-- What is being asked --
Leave out every picture and set down, exactly, the lines below from the one holding "Whatever equation was" up to and including the one holding "So copy and".

-- Provided entries --

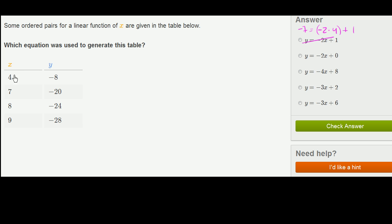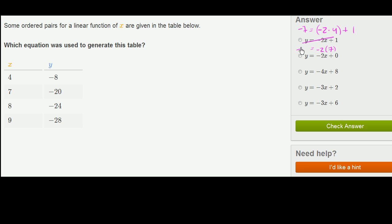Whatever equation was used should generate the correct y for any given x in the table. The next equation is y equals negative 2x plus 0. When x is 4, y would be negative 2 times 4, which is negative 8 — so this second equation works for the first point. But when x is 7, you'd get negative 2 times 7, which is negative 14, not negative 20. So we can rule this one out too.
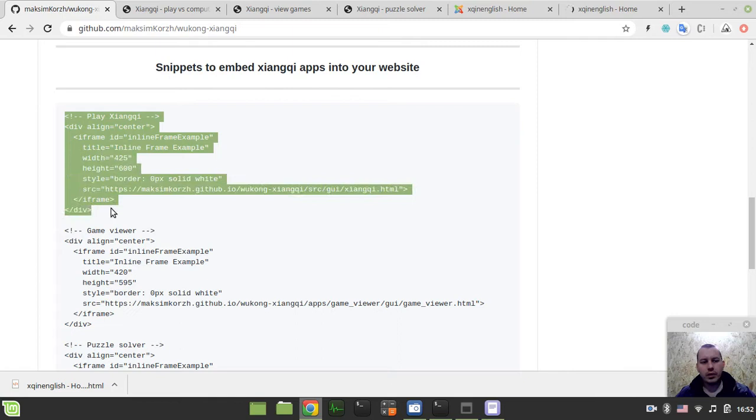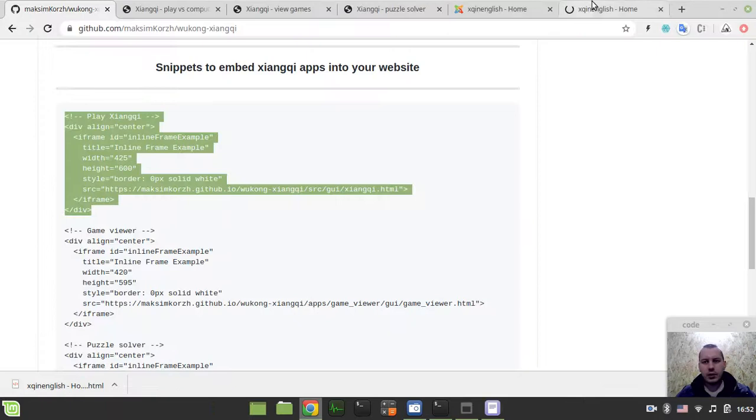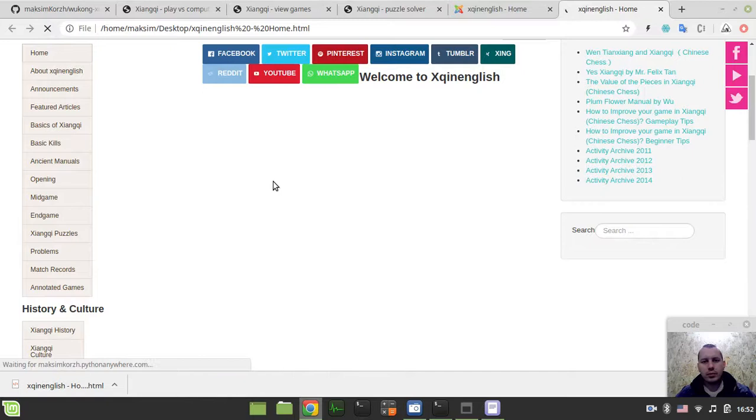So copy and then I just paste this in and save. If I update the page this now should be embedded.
...
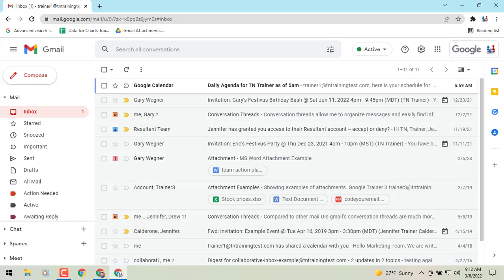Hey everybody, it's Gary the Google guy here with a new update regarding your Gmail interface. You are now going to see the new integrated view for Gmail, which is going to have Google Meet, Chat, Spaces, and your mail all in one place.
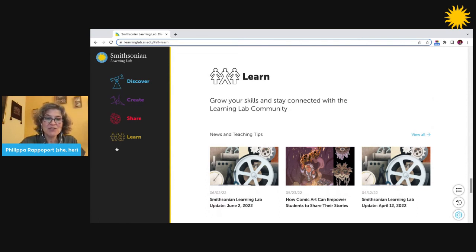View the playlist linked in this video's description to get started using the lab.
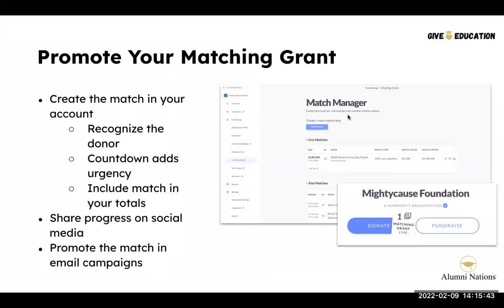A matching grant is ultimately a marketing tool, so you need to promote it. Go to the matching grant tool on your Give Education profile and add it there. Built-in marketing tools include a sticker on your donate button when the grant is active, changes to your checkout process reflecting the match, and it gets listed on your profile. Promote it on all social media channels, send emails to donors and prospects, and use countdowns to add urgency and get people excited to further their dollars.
* * *
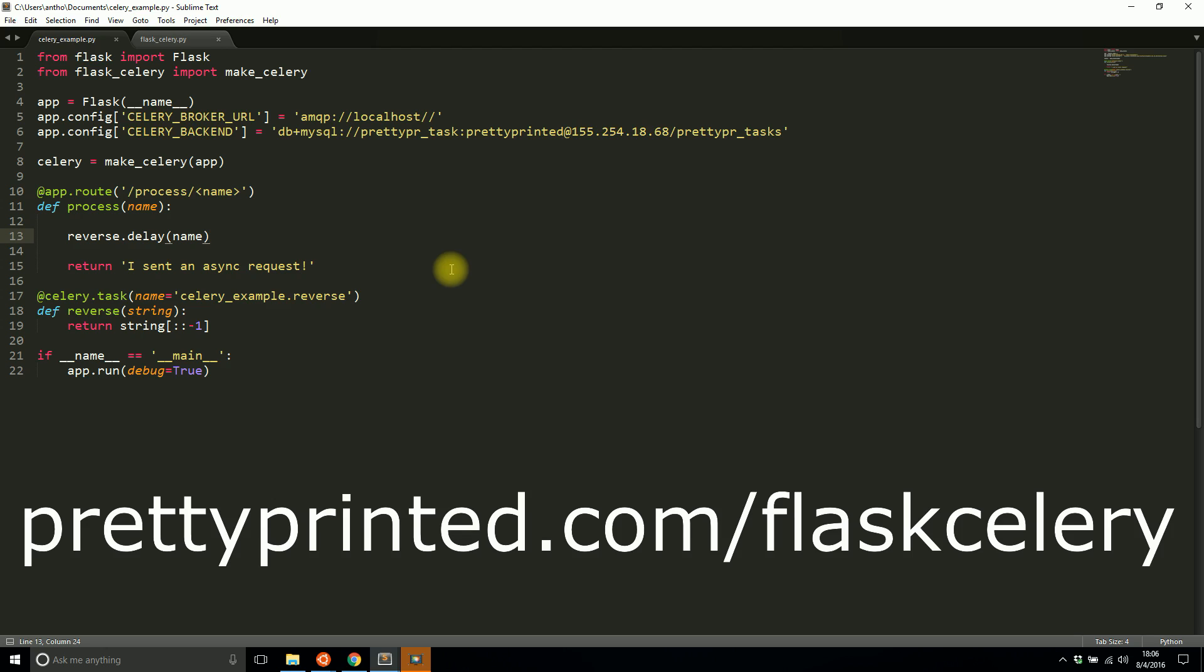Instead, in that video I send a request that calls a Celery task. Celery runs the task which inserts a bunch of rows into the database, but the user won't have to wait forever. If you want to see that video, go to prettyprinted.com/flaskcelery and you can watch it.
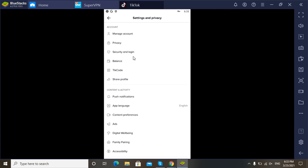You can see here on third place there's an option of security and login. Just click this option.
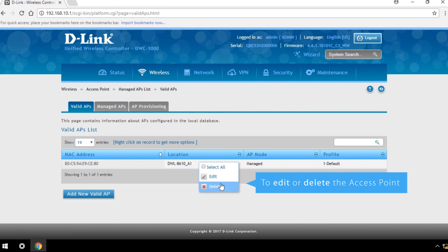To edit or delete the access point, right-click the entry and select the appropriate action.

-- Response box --
Whatever equation was used should generate the correct y for any given x in the table. The next equation is y equals negative 2x plus 0. When x is 4, y would be negative 2 times 4, which is negative 8 — so this second equation works for the first point. But when x is 7, you'd get negative 2 times 7, which is negative 14, not negative 20. So we can rule this one out too.
So copy and then I just paste this in and save. If I update the page this now should be embedded.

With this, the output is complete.